◆ WORKING DATA

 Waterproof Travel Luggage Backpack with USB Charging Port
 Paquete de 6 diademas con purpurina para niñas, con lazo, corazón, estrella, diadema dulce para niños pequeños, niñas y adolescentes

==

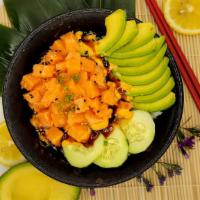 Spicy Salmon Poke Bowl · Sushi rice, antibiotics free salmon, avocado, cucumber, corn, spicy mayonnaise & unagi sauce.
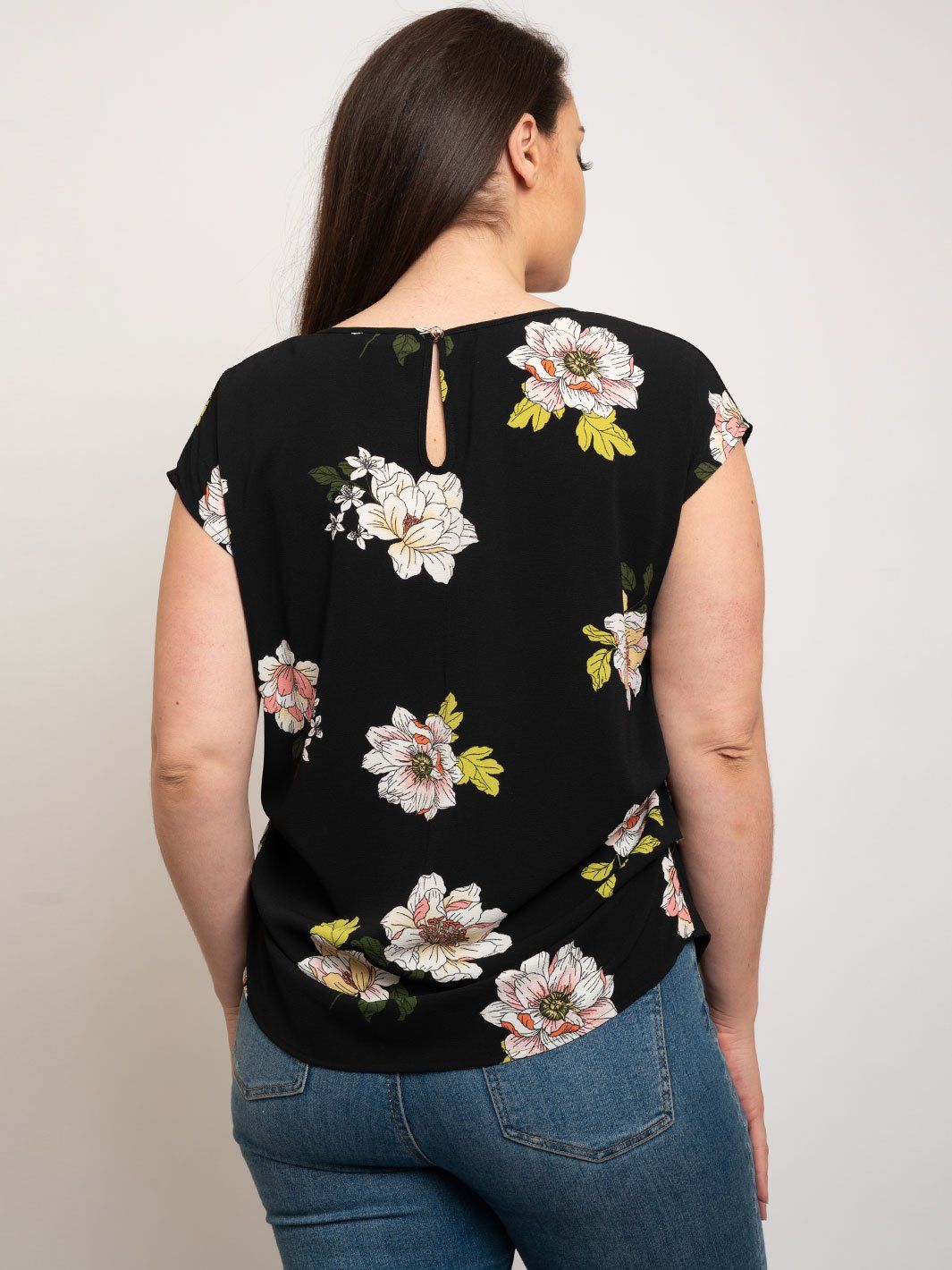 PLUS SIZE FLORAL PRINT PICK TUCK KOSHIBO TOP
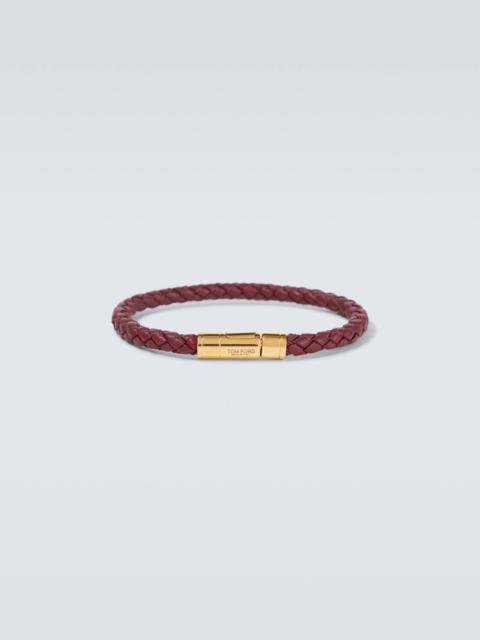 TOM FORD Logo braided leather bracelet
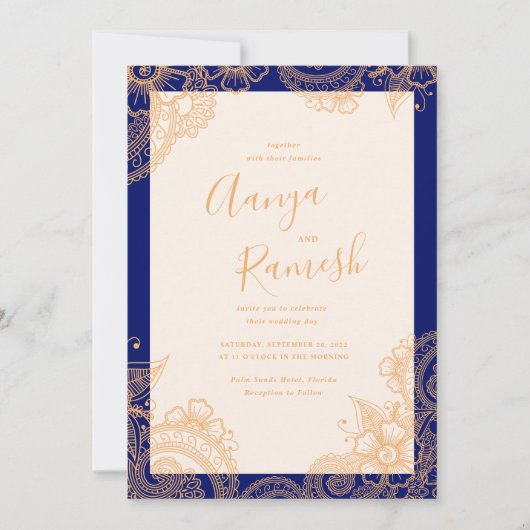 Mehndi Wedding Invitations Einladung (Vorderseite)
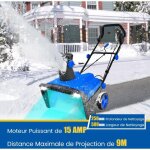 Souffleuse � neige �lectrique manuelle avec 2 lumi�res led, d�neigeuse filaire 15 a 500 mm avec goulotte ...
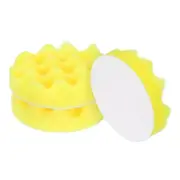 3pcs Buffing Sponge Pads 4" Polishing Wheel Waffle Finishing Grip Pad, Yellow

◆ WHAT TO PRODUCE
When you reach the line holding "TOM FORD Logo braided leather bracelet" in the listing above, begin retyping exactly, and stop once the line holding "3pcs Buffing Sponge" is done; pictures stay out.

◆ RESPONSE AREA
 TOM FORD Logo braided leather bracelet
 Mehndi Wedding Invitations Einladung (Vorderseite)
 Souffleuse � neige �lectrique manuelle avec 2 lumi�res led, d�neigeuse filaire 15 a 500 mm avec goulotte ...
 3pcs Buffing Sponge Pads 4" Polishing Wheel Waffle Finishing Grip Pad, Yellow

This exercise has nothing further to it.